04 maio 2019

A CONDENAÇÃO DE OLIVER NORTH E O MR. WOLF DOS ESCÂNDALOS REPUBLICANOS NA CASA BRANCA

Desde o princípio que o escândalo, que a comunicação social americana baptizou de Irangate, foi uma gigantesca operação mediática, magistralmente encenada pelos delinquentes. Basta apreciar-se o enquadramento (acima, à esquerda) de como o principal réu, o tenente-coronel Oliver North, era fotografado. Nas esmagadora maioria das fotografias, o antigo assessor da Casa Branca, apresentava-se fardado e de condecorações ao peito, mão alçada a fazer o juramento e uma expressão de infeliz injustiçado, com as sobrancelhas a desenhar um acento circunflexo condoído (embora não interessasse saber muito bem quem eram os agentes causadores dessa injustiça... - os que o julgavam, ou os que se escondiam atrás de si?...). O escudo na parede dava uma sugestão final de honradez que é coisa que os acontecimentos viriam a mostrar ter tido estado completamente ausente de todo o escândalo. E aprecie-se também a essência do seu depoimento (acima, à direita, sintetizado numa capa da revista Time de 1987): de que «ele fora autorizado a fazer tudo o que fizera». O problema é que o tudo aquilo que ele fizera era ilegal. E um problema maior do que ele, arraia miúda, era, reclamando North que fora autorizado, quem é que o tinha autorizado, e até que nível da hierarquia da Casa Branca se soubera o que ele andara a fazer...

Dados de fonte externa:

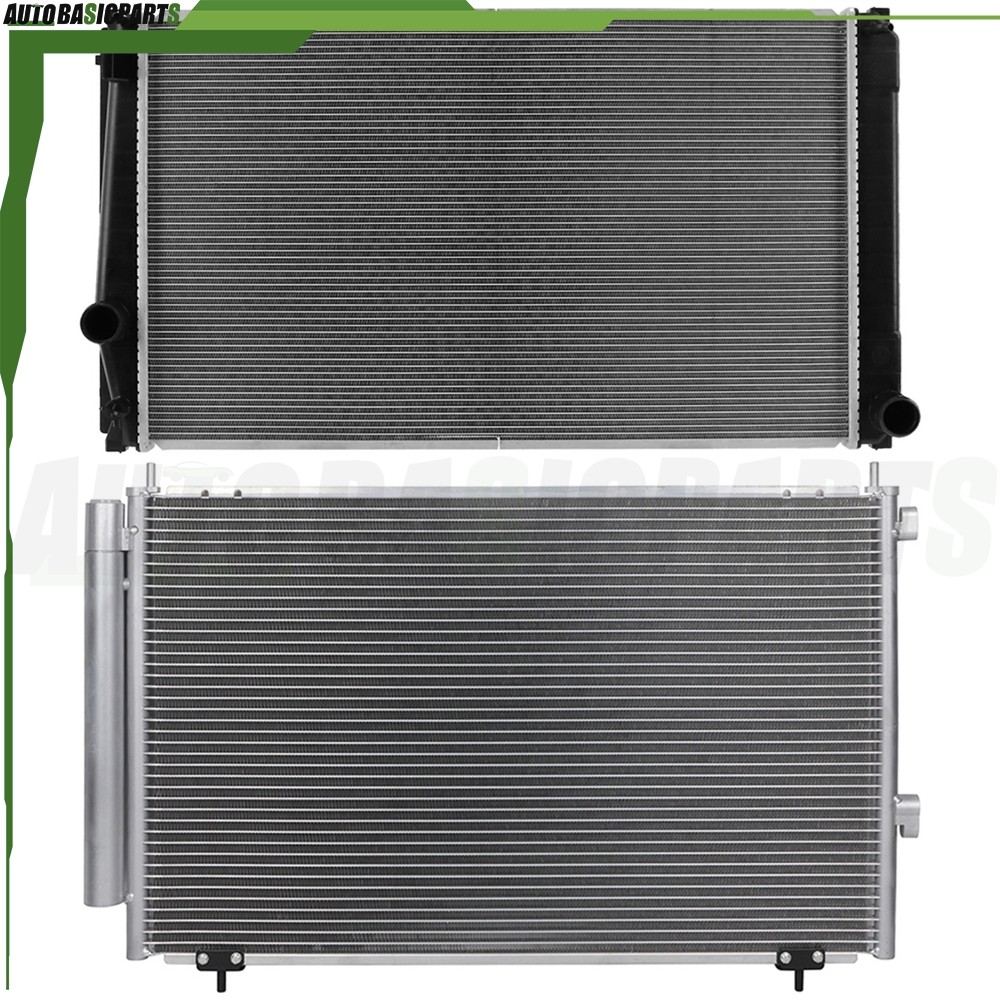 Aluminum Radiator & AC Condenser Cooling Kit For 2013-2017 2018 Toyota RAV4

A 4 de Maio de 1989 (cumprem-se hoje precisamente trinta anos), e ao fim de uns arrastadíssimos três anos e nove meses, terminava o julgamento de North, a vítima (que entretanto ganhara a alcunha simpática de Ollie North). Mesmo apesar da predisposição favorável gerada pelo tratamento mediático (já agora, note-se, como na mugshot da sua detenção, ele já se veste à civil e o acento circunflexo desapareceu de cima dos olhos de Oliver North...), ele acabará considerado culpado de três das doze acusações com que comparecera a tribunal. Mesmo sendo só três, a da falsificação e, sobretudo, da destruição dos documentos relacionados com o caso, indiciava que se estaria diante de um caso de encobrimento de responsabilidades de níveis hierárquicos superiores ao seu. A notícia de há trinta anos remetia para uma sentença a ser proferida ulteriormente: viria a ser de três anos de pena suspensa, uma multa de 150.000 dólares e 1.200 horas de trabalho comunitário. Mas, por essa altura, já Ronald Reagan abandonara o poder e o caso deixara de ter interesse político.
Criara-se uma narrativa que Ollie North era um gajo porreiro, vítima dos poderosos, que, quiçá sentindo-se injustiçado, até se dispunha a contar a sua versão da história (abaixo, à esquerda), o que ainda poderia ter consequências desagradáveis para o presidente em exercício, George Bush (pai), que fora o vice-presidente de Ronald Reagan. O que se seguirá, durante a administração de Bush (pai) (1989-93), será um processo de abafamento das consequências do escândalo Irangate. O nosso estimado Ollie North e o seu superior imediato, John Pointdexter, viram as suas sentenças anuladas, enquanto uma meia dúzia de outros antigos funcionários da Casa Branca, incluindo figuras tão destacadas quanto o antigo secretário da Defesa Caspar Weinberger e o antigo conselheiro de Segurança Robert McFarlane, viram-se perdoados pelo presidente Bush (pai), numa generosa decisão natalícia de 1992, a menos de um mês dele abandonar o cargo presidencial para Bill Clinton.
Toda aquela indulgência é um pormenor de todo este assunto que acaba por nos trazer para a actualidade, porque o reputado promotor de um tal acto de generosidade foi o mesmo William Barr (Procurador Geral dos Estados Unidos entre 1991 e 1993 e novamente em 2019) que agora reecontramos nessa mesma Casa Branca a trabalhar para o abafamento do que lá tem acontecido com Donald Trump. Também aqui o problema é controlar os danos para que o desgaste não trepe pelas hierarquias acima, até à pessoa do presidente. Tarefa difícil, porque Trump não é Reagan. Mas, para quem seja cinéfilo e/ou se recorde dos filmes de Quentin Tarentino, William Barr parece-me ser uma espécie de Mr. Wolf de Pulp Fiction, um fixer cheio de estilo, mas quand même um fixer - no sentido de pessoa desprovida de escrúpulos. Wolf trata de cadáveres reais, Barr trata de esqueletos dentro dos armários.